### Dataset records ###

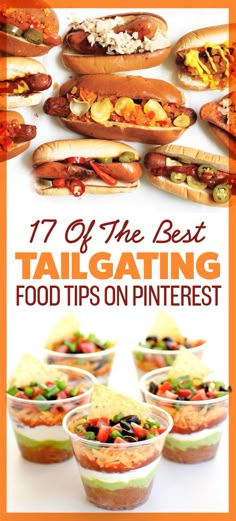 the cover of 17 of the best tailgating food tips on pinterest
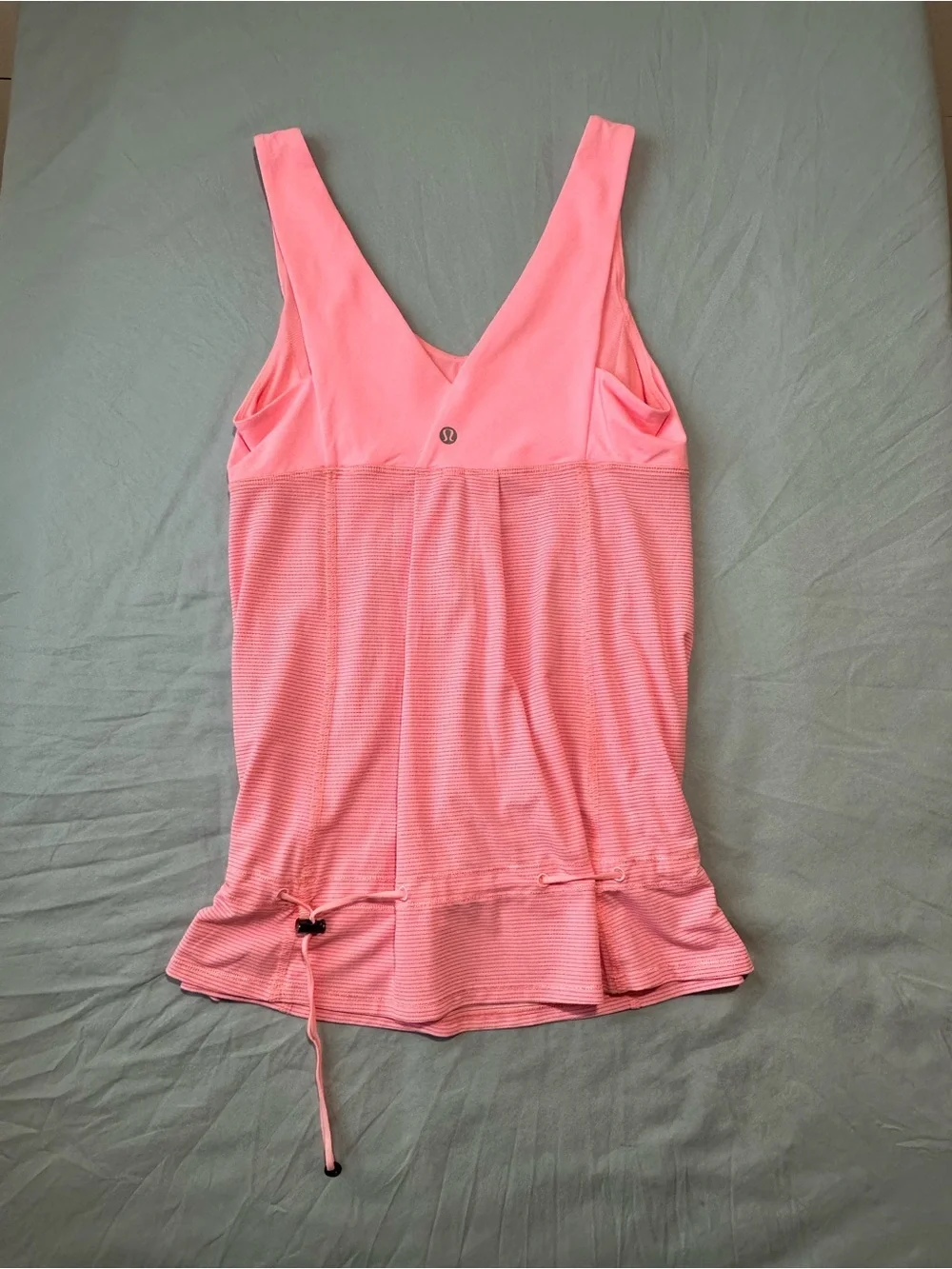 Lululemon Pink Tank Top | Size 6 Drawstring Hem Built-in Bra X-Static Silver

###
### Dataset records ###

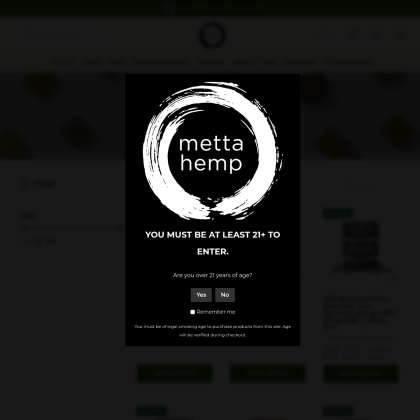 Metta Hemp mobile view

###

Going back to the data above, write out everything from the line with "the cover of" down to the line with "Lululemon Pink Tank", both included, leaving every picture out.

 the cover of 17 of the best tailgating food tips on pinterest
 Lululemon Pink Tank Top | Size 6 Drawstring Hem Built-in Bra X-Static Silver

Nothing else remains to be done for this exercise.